ラスタカラーに彩られたゴキゲンな店構え。駐車場まで鳴り響くReggaeの歌声に洗脳されて、柄にもなく「ヤーマン!」なんて、水槽で泳ぐ魚たちに挨拶してみたり。毎度のごとく、この店に来ると気分が上がる。
そういえば最近まで、寝転がったボブ・マーリーが「カレー食べる?」なんていう看板があったはずだけど、どこに行ってしまったんだろう。
場所は白山市安養寺。周りには田んぼしかないローカルな町だけど、意外とアクセスは便利。山環を使えば、金沢の街中から20分ちょいで辿り着く。

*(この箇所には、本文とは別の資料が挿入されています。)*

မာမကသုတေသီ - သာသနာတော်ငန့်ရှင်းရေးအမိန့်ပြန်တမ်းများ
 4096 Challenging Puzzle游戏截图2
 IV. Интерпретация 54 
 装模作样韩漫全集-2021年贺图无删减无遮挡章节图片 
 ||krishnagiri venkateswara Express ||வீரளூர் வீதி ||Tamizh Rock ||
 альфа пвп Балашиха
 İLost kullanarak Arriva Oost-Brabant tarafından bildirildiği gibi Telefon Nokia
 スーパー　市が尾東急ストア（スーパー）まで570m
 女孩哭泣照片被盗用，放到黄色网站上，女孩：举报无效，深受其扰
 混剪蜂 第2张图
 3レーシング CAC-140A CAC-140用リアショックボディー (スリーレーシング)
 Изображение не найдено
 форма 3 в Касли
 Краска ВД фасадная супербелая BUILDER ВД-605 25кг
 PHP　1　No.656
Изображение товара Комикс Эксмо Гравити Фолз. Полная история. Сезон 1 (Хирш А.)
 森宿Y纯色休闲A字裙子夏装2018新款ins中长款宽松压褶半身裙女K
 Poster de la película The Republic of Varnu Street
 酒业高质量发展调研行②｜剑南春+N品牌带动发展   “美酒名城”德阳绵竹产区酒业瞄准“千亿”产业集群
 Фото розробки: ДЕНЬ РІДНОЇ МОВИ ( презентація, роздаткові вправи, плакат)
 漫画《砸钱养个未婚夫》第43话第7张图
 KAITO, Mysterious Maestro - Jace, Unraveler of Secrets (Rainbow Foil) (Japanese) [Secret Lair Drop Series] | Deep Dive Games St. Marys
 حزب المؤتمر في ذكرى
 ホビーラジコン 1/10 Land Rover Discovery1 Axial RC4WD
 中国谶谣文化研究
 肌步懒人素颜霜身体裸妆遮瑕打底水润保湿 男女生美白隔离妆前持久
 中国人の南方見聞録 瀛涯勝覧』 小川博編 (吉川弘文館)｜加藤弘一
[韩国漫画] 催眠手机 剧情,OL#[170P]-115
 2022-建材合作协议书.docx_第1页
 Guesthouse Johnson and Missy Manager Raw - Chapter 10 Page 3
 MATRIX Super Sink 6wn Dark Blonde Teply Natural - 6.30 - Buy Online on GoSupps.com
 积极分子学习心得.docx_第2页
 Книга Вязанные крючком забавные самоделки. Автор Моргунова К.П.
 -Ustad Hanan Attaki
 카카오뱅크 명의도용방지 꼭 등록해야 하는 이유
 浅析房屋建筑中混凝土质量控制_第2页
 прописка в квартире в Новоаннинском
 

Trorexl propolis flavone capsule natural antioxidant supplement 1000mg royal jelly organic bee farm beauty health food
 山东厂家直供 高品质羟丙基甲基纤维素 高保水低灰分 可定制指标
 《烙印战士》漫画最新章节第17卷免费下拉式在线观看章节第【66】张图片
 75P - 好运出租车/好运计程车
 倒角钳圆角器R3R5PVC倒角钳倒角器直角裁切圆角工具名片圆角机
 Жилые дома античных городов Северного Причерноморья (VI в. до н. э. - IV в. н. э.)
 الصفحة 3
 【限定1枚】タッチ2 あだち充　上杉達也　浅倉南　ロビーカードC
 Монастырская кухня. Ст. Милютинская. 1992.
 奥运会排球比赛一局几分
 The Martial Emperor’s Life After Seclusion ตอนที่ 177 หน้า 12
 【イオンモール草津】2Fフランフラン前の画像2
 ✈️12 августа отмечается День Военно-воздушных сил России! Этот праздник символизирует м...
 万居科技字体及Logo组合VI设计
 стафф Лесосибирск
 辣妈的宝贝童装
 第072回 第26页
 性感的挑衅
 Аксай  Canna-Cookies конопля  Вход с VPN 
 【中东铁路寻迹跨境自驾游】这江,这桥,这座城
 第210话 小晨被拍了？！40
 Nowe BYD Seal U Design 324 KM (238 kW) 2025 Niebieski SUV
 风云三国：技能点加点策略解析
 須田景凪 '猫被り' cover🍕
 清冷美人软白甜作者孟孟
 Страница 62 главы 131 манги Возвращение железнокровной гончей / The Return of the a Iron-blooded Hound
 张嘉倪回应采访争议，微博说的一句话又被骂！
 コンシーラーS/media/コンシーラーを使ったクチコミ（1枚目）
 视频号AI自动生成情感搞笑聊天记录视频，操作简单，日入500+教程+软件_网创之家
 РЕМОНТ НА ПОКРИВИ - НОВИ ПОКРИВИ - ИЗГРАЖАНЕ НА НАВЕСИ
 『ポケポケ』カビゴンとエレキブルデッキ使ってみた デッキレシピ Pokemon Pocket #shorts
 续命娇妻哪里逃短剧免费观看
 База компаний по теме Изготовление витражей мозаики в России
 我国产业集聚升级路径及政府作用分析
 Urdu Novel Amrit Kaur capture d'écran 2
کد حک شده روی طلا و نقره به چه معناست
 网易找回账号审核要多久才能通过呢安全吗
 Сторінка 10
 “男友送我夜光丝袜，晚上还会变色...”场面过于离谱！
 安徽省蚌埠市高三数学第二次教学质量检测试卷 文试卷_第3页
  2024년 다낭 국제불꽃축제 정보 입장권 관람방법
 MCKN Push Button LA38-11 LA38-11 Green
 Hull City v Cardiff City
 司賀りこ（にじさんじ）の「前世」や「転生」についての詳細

じつは10代の頃、愚妹がバイトをしていたこともあって、ここのカレーは結構な頻度で食べていた。いわゆる青春の味。引っ越してからしばらくご無沙汰だったけど、その記憶は少しも薄れることなく、カルダモンのように強烈かつ爽やかな印象として残っている。
ちなみに妹曰く、ヤムヤムはスラング(英語)で「うまい!」の意味らしい。
ピースフルなオーラ全開の殊才(ことさい)健さん。アルバイトとして働いていた学生時代からカレーの作り方を叩き込まれ、数年前に創業者の宮本氏から店を受け継いだ、若きマスター。
カレーだけでなく手作りケーキも評判で、名前の通り優れた才能を発揮している。これがまた美味いんだ。
メニューは定番のスパイスカレーをはじめ、マイルドココナッツ、スープカレー、キーマカレー、カレーうどん等ラインナップが豊富。
それではマスター、目移りする前にいつものやつをお願いしゃす!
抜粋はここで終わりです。